Selective Inhibition of IL-5 Receptor α-Chain Gene Transcription by IL-5, IL-3, and Granulocyte-Macrophage Colony-Stimulating Factor in Human Blood Eosinophils

Abstract

AbstractHigh affinity receptor for IL-5 (IL-5R), a predominant eosinophil maturation factor, is composed of an IL-5-binding α-chain (IL-5Rα) and a signal-transducing β-chain that is shared by IL-3 and granulocyte-macrophage CSF (GM-CSF) receptors (IL-3R and GM-CSFR). By Northern blot analysis of mRNAs obtained from normal human blood eosinophils, we show in this report that the hematopoietic cytokines IL-5, IL-3, and GM-CSF down-regulate IL-5Rα mRNA while up-regulating α-chain mRNAs for both IL-3R and GM-CSFR as well as the β-chain mRNA. More detailed characterization reveals that the down-regulation of IL-5Rα mRNA is specific to IL-3, IL-5, and GM-CSF; occurs very rapidly (reaching maximum inhibition within 2 h); is cytokine dose dependent; and does not require protein synthesis.
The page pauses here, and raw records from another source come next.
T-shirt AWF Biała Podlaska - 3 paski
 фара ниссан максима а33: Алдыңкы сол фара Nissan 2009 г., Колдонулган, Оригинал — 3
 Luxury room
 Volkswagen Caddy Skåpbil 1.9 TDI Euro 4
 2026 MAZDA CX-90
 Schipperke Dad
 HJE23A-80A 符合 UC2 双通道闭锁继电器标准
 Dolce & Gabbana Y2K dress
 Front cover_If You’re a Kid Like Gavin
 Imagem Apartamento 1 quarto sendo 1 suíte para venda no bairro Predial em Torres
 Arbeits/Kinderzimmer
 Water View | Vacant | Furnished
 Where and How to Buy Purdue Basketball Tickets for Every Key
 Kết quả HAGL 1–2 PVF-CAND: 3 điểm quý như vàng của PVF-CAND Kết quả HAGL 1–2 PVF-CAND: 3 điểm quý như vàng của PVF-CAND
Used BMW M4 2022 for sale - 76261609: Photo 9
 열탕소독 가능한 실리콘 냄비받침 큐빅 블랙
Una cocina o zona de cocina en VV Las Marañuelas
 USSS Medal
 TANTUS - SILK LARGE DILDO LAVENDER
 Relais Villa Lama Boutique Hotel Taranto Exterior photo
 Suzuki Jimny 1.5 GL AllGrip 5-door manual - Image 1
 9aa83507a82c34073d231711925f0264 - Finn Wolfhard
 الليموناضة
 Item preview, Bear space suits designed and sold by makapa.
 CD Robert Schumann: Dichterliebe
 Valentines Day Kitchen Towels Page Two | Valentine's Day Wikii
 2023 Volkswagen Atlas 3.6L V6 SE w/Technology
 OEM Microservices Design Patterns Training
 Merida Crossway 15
Nuclear run-on and mRNA stability experiments demonstrate that cytokine-induced inhibition of IL-5Rα mRNA accumulation occurs at the level of IL-5Rα gene transcription, whereas enhanced accumulation of mRNAs for IL-3Rα and the β-chain results from reduced mRNA degradation. We suggest from these experiments that in human blood eosinophils, IL-5Rα gene transcription and IL-5Rα mRNA metabolism can be regulated by mechanisms that are distinct from those used for IL-3Rα and GM-CSFRα.